This FHA loan contingency provided, in pertinent part:
This Agreement is contingent on Buyer obtaining the following loan or loans to purchase the Property: . . . FHA. . . . If not waived, the Financing Contingency shall survive the Closing Date. Clerk's Papers (CP) at 114. An "FHA loan" is a mortgage loan provided by federally qualified lenders and insured by the Federal Housing Administration.
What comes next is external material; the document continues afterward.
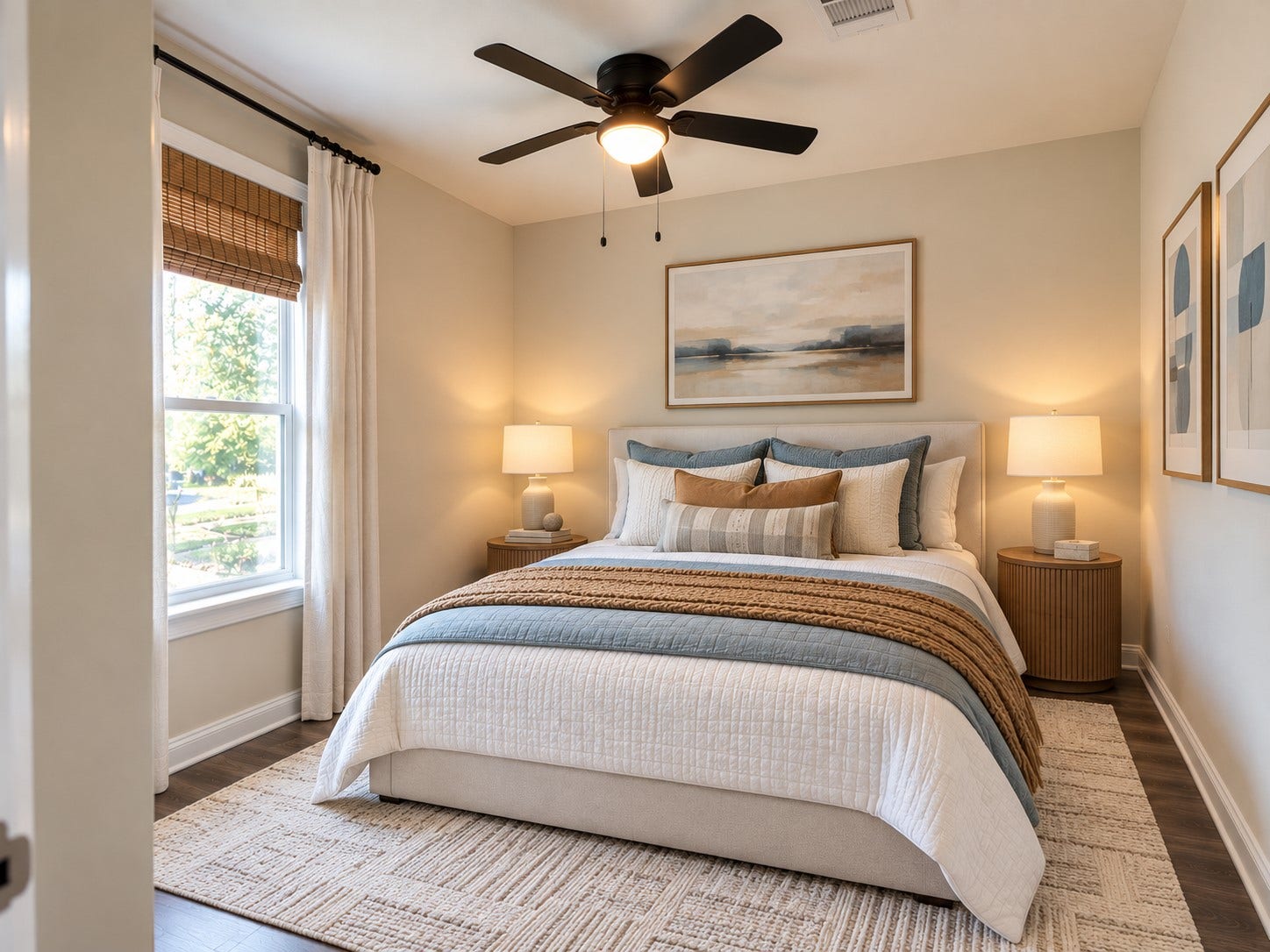Comfortable secondary bedroom with natural light and flexible space for guests, family, or a home office. This photo is virtually staged.
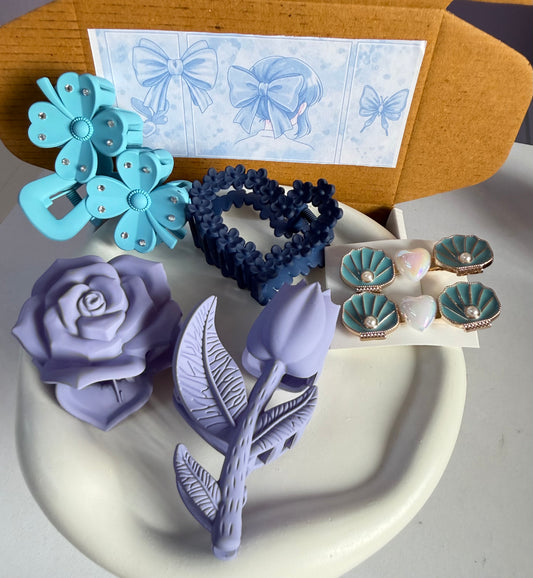 Blue Blossom Hair Set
The lenders here were Sterling Savings Bank and Cobalt Mortgage.
The Financing Addendum further qualified the FHA loan contingency with the following pertinent provision:
If Buyer .... (iii) changes the lender without Seller's prior written consent after the agreed upon time to apply for financing expires, then the Financing Contingency shall be deemed waived.CP at 114. '
Before entering into the Agreement, Rozenfeld had provided the Karpmans with a letter from FHA-insured Sterling Savings Bank pre-approving him for a loan, subject to several conditions, including verification of Rozenfeld's income and assets. After entering into the Agreement, Rozenfeld applied to Sterling for an FHA loan. Before Sterling formally resolved his application, however, and without first seeking the Karpmans' written consent; Rozenfeld withdrew his loan application from Sterling and applied to Cobalt Mortgage for a loan. Cobalt denied his loan application for insufficient stable income and irregular employment.
Rozenfeld failed to meet the April 29 deadline for purchasing the Karpmans' home. Under the terms of the Financing Addendum, Rozenfeld's changing lenders without the Karpmans' written consent waived the financing contingency, obligating him to purchase the property regardless of whether he had been able to obtain an FHA loan.
II. Procedure
A. Service of Summons and Complaint
Two months later, on June 30, the Karpmans sued Rozenfeld for breach of contract. The Karpmans were unsuccessful in attempting to serve Rozenfeld in person at his Sylmar, California address which he had used on the Agreement, on his home loan bank applications, and in other matters as late as June 2011. The Karpmans then mailed a letter to. Rozenfeld at his Sylmar address; but it was returned as undeliverable with expired forwarding, which showed a Longbranch, Washington address for Rozenfeld. The Karpmans hired a private investigator, who found four possible addresses for Rozenfeld in the Los Angeles area. The Karpmans attempted to serve Rozenfeld at each one of these addresses, but none proved successful. The Karpmans then hired process server Damn Sanford to serve their summons and complaint on Rozenfeld at the expired forwarding Longbranch address. Sanford understood that Rozenfeld might be trying to avoid service. On August 2, Sanford approached the Longbranch house; through a window he saw a man fitting Rozenfeld's description. When Olga Almanskaya came out onto the front porch, Sanford asked for Rozenfeld, stating that he had legal documents for him. Almanskaya told Sanford that Rozenfeld was not home. Sanford gave Almanskaya the summons and complaint, but she tried, to refuse them, saying, "He is not my husband." CP at 145. She followed Sanford down the driveway, repeating that she could not accept the papers. She tried to leave them on the hood of Sanford's car, but he told her lie was leaving the papers with her and that she had been served.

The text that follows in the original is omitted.